Pensez-vous que vous avez atteint le succès dans le monde de la restauration ?
Ce que je peux vous dire, c’est que je suis arrivé bien plus loin que ce que je pensais, même dans la vie en général. C’est vrai que cette vie est exigeante et stressante, et il faut prendre beaucoup de risques, mais je me sens vraiment très chanceux. C’est comme avoir des enfants : peu importe ce qu’on vous dit, ce qui est bien ou pas bien pour eux, au final, c’est votre propre expérience. C’est votre propre aventure.
Pouvez-vous nous parler d’un plat ou d’une recette de votre création et dont vous êtes particulièrement fier ?
Il s’agit probablement du plat qui m’a introduit à la cuisine du Sichuan. Je m’en souviens comme si c’était hier. J’avais 26 ans et je vivais à San Francisco. Il pleuvait. J’étais avec mon ami Brandon Jew, qui est chef et qui m’a demandé si j’étais déjà allé au restaurant Spices II. J’y suis allé et j’ai goûté mon premier mapo tofu du Sichuan.
Petit, je mangeais ce plat de mapo tofu avec une sauce brune et du porc, et parfois des petits pois surgelés. Ce que j’ai mangé ce jour-là n’avait rien à voir. Il y avait aussi du porc et du tofu, mais dans une sorte de sauce épaisse épicée et étourdissante, comme un vrai jus de viande. Ce plat était accompagné de riz. Je ne pouvais pas m’arrêter de manger tellement c’était bon. J’étais complètement sous le charme, comme lorsque vous entendez une chanson pour la première fois. Je me demandais ce que c’était et comment je pourrais en avoir plus.
Lorsque nous avons commencé à réfléchir au concept de notre restaurant Mission Chinese Food, c’est le premier plat que j’ai voulu essayer de réaliser.

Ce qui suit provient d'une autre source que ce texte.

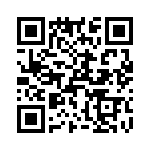 T38521-22-0 QRCode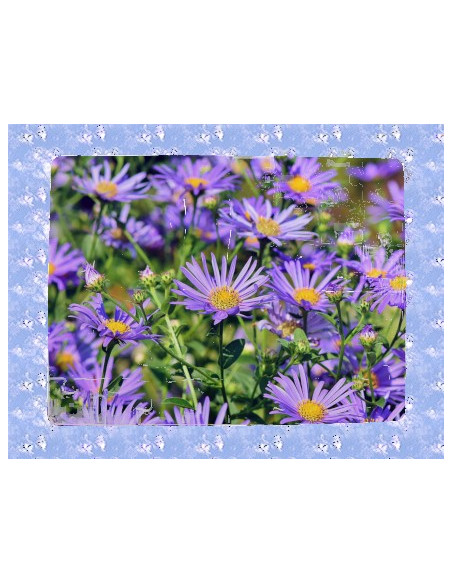 Plastikust pusle 48-osaline sinu pildiga ja tekstiga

Je n’étais jamais allé en Chine, ni à Chengdu, ni dans la province du Sichuan. La première fois que je l’ai préparé, il y avait 33 ingrédients. Aujourd’hui, je n’en utilise plus qu’une douzaine.
Le mapo tofu est le plat dont je suis le plus fier car grâce à lui, j’ai appris une notion que j’applique également à moi-même : la modération. Il est inutile de compliquer les choses à outrance. Et c’est à partir de ce plat que je me suis tourné vers la cuisine du Sichuan. Il en dit long sur moi et sur ma vie d’aujourd’hui.
Quelles sont vos sources d'inspiration ?
L’inspiration me vient sous différentes formes désormais. Avant, je passais mon temps à traîner dans des restaurants, à examiner des plats, à lire des articles culinaires et, pour être honnête, je commençais à saturer et à être blasé. J’avais l’impression d’assimiler la même chose que tous les autres.
Aujourd’hui, mes sources d’inspiration ne se limitent plus à l’univers culinaire. En réalité, je suis plus inspiré lorsque je ne suis pas en cuisine. Par exemple, et cela va paraître un peu niais, quand je suis au parc avec mon fils, que je joue avec lui et que je vois les feuilles tomber des arbres, je me dis que cette harmonie est vraiment magnifique et je me demande comment la reproduire dans un plat. Très souvent, quand je me pose pour composer un menu, si je vois quelque chose comme des feuilles tomber sur le sol, je le note. Puis je m’assois avec cette liste de petites choses abstraites et j’essaie de m’en souvenir. Cela me transporte dans cet univers abstrait propice à la création.